Background: Inpatient hospice care (IHC) for adults in Germany is used in the last weeks of life. Children, adolescents and young adults (ACA) with life-limiting diseases are entitled to 28 days/year of IHC during their lifetime. We explored various data to assess the need for IHC for ACA in North Rhine-Westphalia (NRW; 17.6 million inhabitants). Methods: Quantitative: All local hospices (n=5; 52 beds) and the single palliative care unit (PCU) for ACA were asked to contribute data on service provision, e.g. patient numbers and characteristics, occupation rate (OcR), length of stay. All local specialist palliative home care teams (n=6) (SAPV) for ACA were asked to estimate the percentage of ACA for whom they arranged IHC and in which timely manner (6-point Likert scale). Qualitative semi-structured interviews (hospices; SAPV; PCU) covering aspects such as access, barriers to access, needs coverage, impact of newly implemented SAPV on need, unmet demand for other services, funding politics and networking. Further data (reference year 2015): a) mortality statistics-% of all ACA in NRW dying from cancer (< 20 years)/non-cancer diseases according to the 4 ACT disease groups (< 25 years); b) prevalence estimates.

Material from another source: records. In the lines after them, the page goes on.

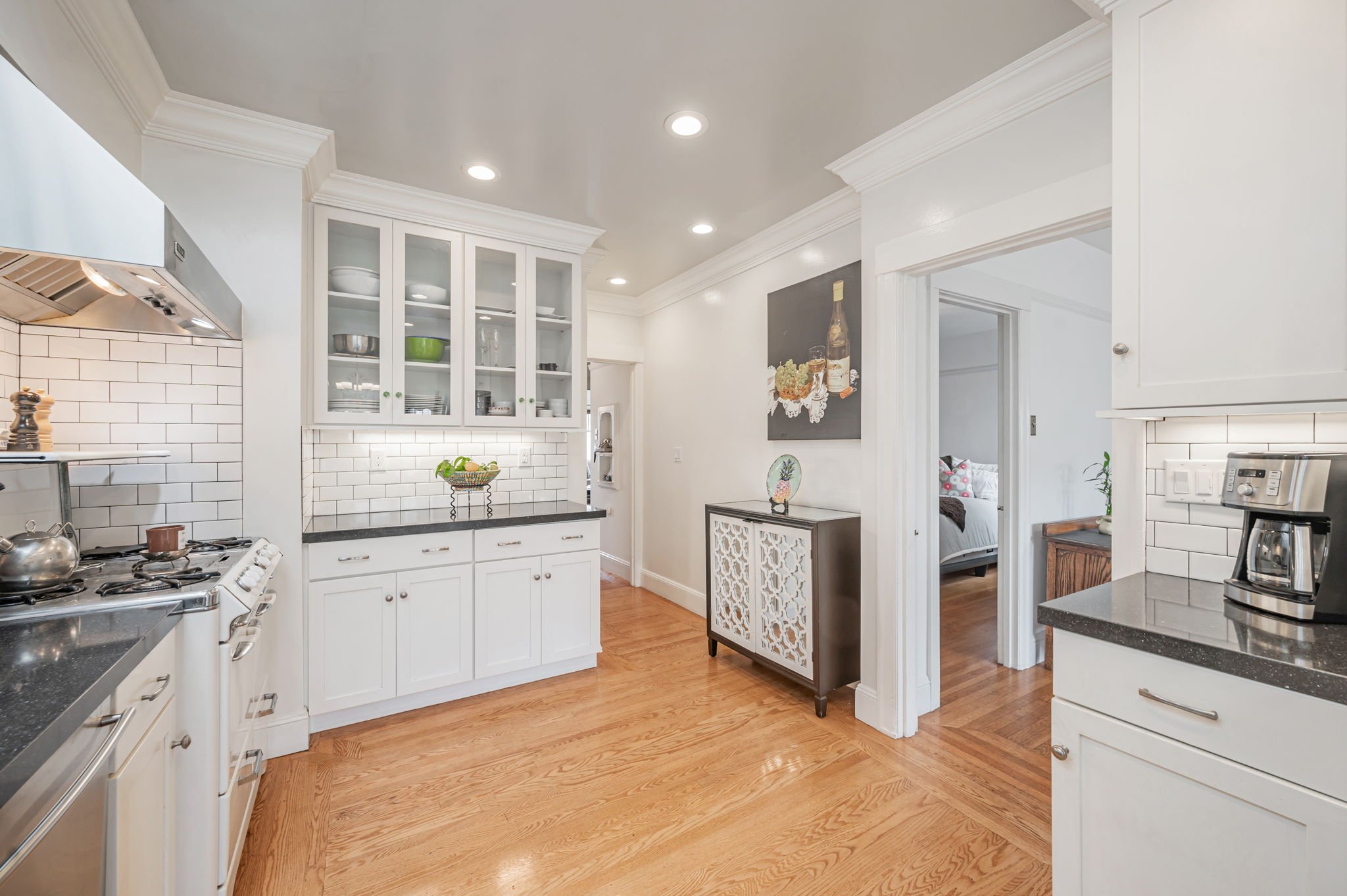 16-web-or-mls-57-rae-ave.jpg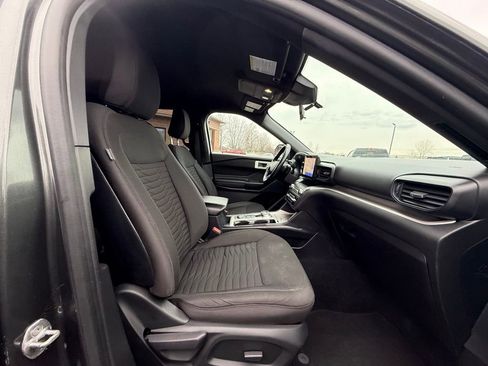 Used 2020 Ford Explorer XLT w/ Class III Trailer Tow Package image 27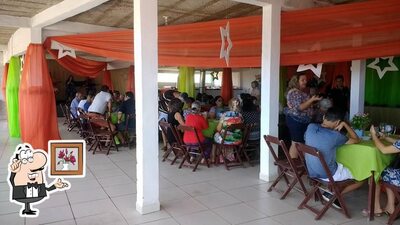 Sente em uma das mesas no Pizzarialisarojo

Results: The 4 responding hospices had cared for 81-127 patients; average stay: 8-10 days, OcR: 60-90%. Cancer accounted for 1-20% of admissions, severe multi-handicapped ACA were 29-80%, 0-15% had no clear diagnosis. Hospices, SAPV and PCU teams saw no need for further hospice beds for ACA in NRW. They reported a lack of short and long-term care facilities for ACA in need of intensive medical care (and/or invasive ventilation) as well as of ambulatory psychosocial care and care management. Of the 1383 deaths (0-24 years) 47.1% were >1 year old, 62.3% of those < 20 years and 33.4% of those from 20-24 years had diseases according to the ACT groups and were probably in need of IHC. Different calculation models for prevalence will be discussed. Conclusion: Estimating the need for hospice beds for ACA remains difficult for various reasons: a) lack of valid prevalence statistics of relevant diseases, b) mortality statistics underestimate palliative care need, c) data protection regulations prohibit data exchange between hospices, d) local data do not capture the fact that residents from all German States are entitled to use IHC in NRW, and e) therefore an estimation would have to triangulate data from all relevant services for ACA across Germany.

Rights

Article information provided for research and reference use only. PedPalASCNET does not hold any rights over the resource listed here. All rights are retained by the journal listed under publisher and/or the creator(s).

Citation List Month

August 2018 List

Pages

82-82

Issue

1

Volume

32

Collection

Citation

Jaspers B; Jansky M; Nauck F, “Challenges in assessing the need for beds in palliative care-The example of inpatient hospice care for children, adolescents and young adults,” Pediatric Palliative Care Library, accessed November 21, 2018, https://pedpalascnetlibrary.omeka.net/items/show/15544.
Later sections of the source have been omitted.